Depression-era San Francisco’s Claremont hotel is a wonderful playground for sisters Isabella and Iris Bainbridge Stafford, six and eight years old, respectively, who roam through it while their wealthy mother plays tennis. The luxurious hotel has a seven-story-long spiral slide that guests can use as a fire escape, one that Iris might think she’s entering to play when she fatally plunges down a laundry chute. Years later, tragedy visits the hotel again—many say it’s been cursed all along—when Presidential candidate Walter Wilkinson is found murdered in his room (murdered twice, in fact—the book explains all). Police officer Alejo Gutiérrez, passing as Al Sullivan, is the slightly jaded, but still caring, investigator who must sift through the jumble of rumors, racism against Asian hotel workers and city residents, and secretive behavior by rich characters who think the law doesn’t apply to them in his efforts to discover who killed the politician.

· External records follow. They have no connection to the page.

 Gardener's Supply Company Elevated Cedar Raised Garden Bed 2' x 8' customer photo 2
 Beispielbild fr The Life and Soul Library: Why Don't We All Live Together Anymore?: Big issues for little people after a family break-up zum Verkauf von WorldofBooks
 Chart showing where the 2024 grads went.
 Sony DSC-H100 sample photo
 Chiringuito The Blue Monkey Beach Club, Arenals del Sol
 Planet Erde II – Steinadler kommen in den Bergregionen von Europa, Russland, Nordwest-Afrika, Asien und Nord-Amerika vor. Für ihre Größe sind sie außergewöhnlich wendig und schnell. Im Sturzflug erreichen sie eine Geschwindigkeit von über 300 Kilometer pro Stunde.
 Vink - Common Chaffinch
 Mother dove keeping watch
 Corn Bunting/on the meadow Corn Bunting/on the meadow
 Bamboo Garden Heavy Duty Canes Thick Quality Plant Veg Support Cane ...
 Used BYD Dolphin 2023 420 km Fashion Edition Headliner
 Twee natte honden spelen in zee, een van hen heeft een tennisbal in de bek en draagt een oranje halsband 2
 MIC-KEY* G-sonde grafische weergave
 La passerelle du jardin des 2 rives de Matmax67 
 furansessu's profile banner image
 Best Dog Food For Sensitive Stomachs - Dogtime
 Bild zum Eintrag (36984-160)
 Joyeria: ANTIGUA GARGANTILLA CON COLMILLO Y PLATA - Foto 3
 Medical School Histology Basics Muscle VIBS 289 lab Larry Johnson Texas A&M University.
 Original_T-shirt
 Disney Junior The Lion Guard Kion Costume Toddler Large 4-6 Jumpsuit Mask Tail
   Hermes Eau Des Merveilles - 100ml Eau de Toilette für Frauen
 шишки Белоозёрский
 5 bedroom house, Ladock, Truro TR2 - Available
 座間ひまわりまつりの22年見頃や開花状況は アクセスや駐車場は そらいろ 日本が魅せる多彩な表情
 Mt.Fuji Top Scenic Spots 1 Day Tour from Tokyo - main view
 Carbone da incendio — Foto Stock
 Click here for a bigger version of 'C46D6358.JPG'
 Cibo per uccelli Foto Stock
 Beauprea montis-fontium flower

This saga—the story has as many twisting corridors as the hotel–allows Chua to dig deep into the privileges and invisible barriers at work in any haves-and-have-nots meeting, with memorable results. Pair this with the information on the treatment of San Francisco’s Chinese citizens in David Quammen’s excellent Spillover for a sobering and enlightening view of that community’s history.